Monday, January 6, 2014

United States of America v. Epstein case brief

United States of America v. Epstein case brief summary
27 F. Supp. 2d. 404 (1998)

Plaintiff government lessor (lessor) brought an action to evict defendants, lessee and subtenants (lessees) from a building formerly used as a home of a deputy consul general. The lessor obtained possession to the property pursuant to the Foreign Mission Act, 22 U.S.C.S. § 4301 et seq., and then subleased the property allegedly without permission, and the sublessee then sublet the property. The lessees brought a motion for summary judgment.

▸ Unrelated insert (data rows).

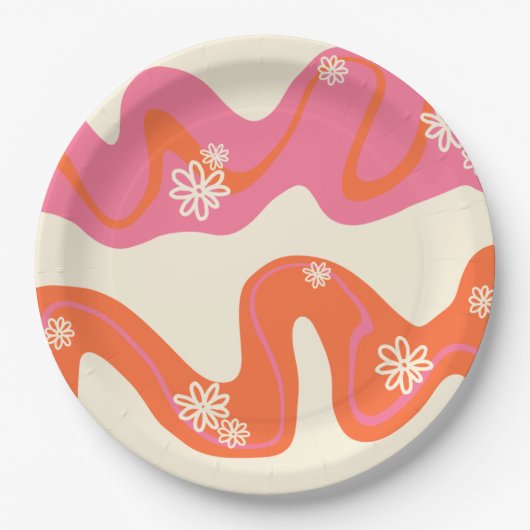 Daisy Groove - Rosa, Orange und Creme Pappteller (Vorderseite)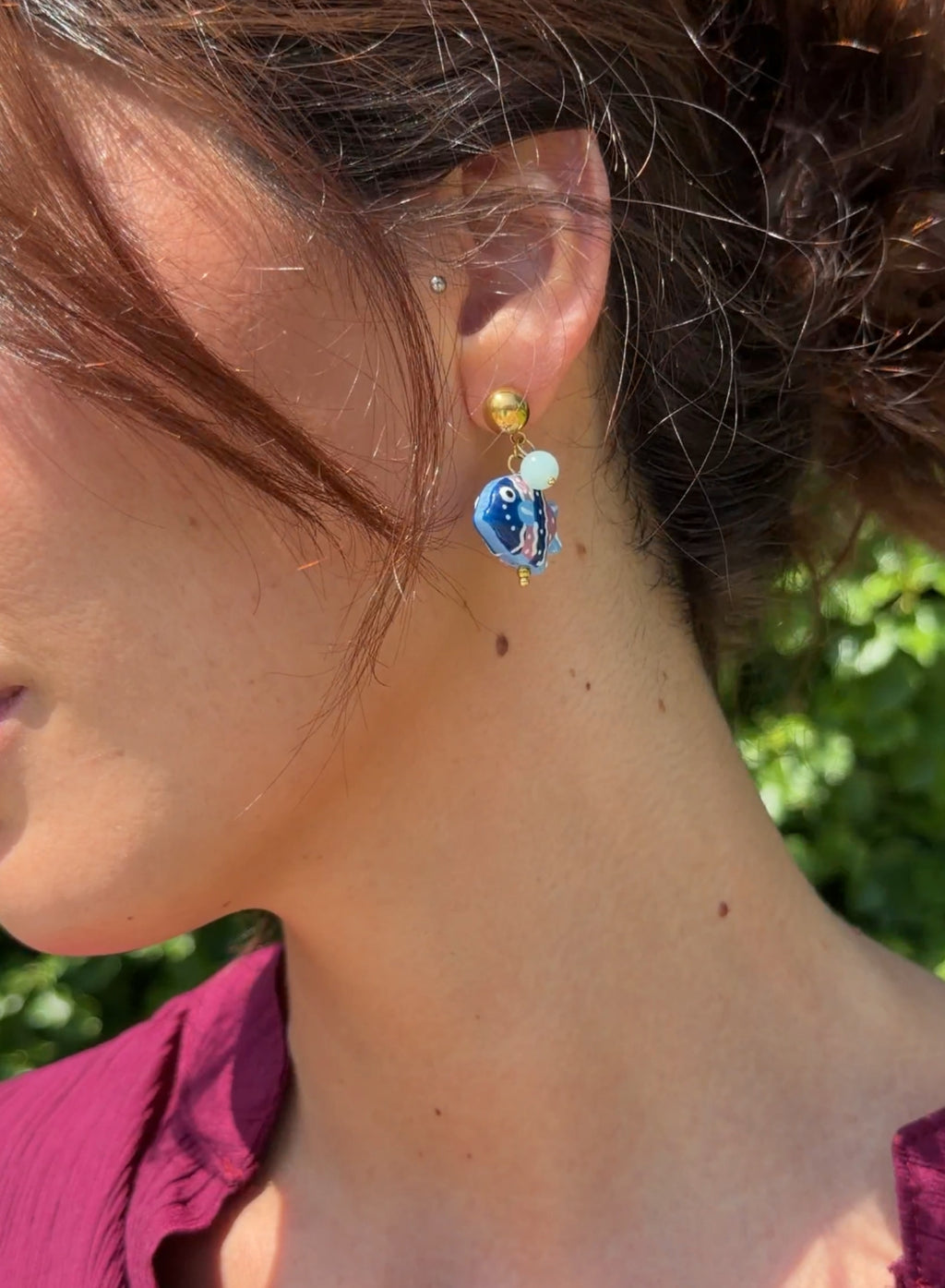 Pendientes pez XL piedra
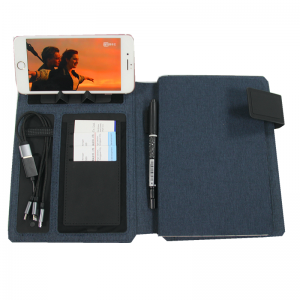 Caderno de carga móbil multifuncional con carga sen fíos Power Bank Notebook Business Diary Gift Set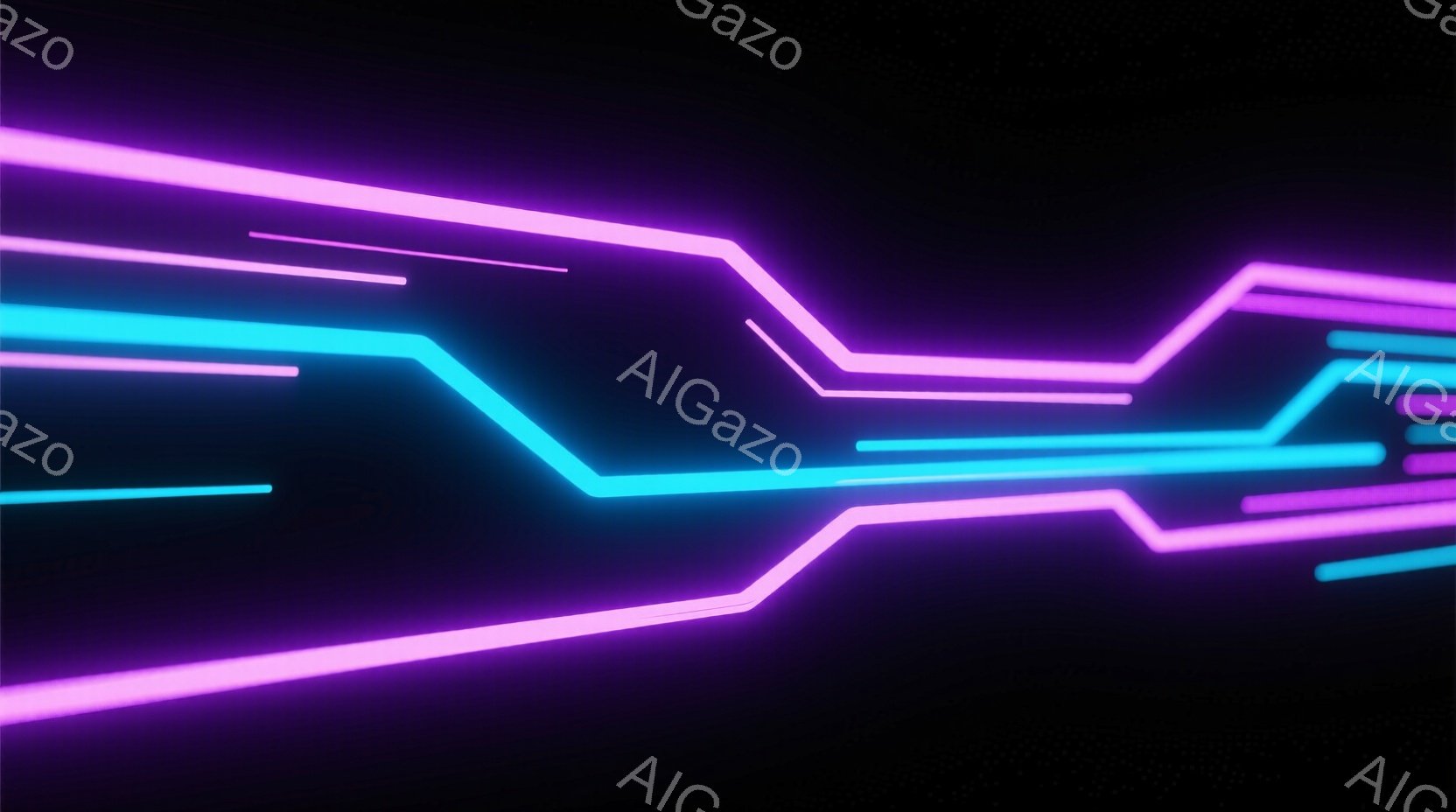 この画像は、暗い背景にネオンピンクとターコイズブルーの線が複雑に絡み合って構成された抽象的な光のパターンです。線は様々な長さと角度で配置され、未来的な回路やエネルギーの流れを連想させます。全体的に、鮮やかでダイナミックな雰囲気であり、サイバーパンクやテクノロジーをテーマにしたビジュアルに最適です。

The lessees claimed the lessor orally consented to subleasing, and the lessor did not terminate the lease as the lessor breached an implied covenant of good faith and fair dealings by unreasonably withholding written consent to the original lessees' sublease request.

  • The court rejected the claims and found under Fed. R. Civ. P. 56(c) the lessor had the burden to prove there was no genuine issue of material fact. 
  • The court held the contract had to be interpreted to determine the parties' intent, and the lease clearly required advance written notice of the lessor to sublet premises. 
  • The court needed to determine whether federal contract law or state law applied and under state law when a lease required a tenant to obtain prior written consent of the landlord to sublet or assign leased premises. 
  • A landlord may have refused consent arbitrarily unless lease stated the landlord might not have unreasonably withheld consent. 
  • The court held state law applied as there was no federal statutory or common-law of landlord and tenant, landlord-tenant law was traditionally a matter of state law and between general federal contract principles and specific landlord-tenant law, the latter applied.
The court granted the lessor's motion for summary judgment on its claim of ejectment.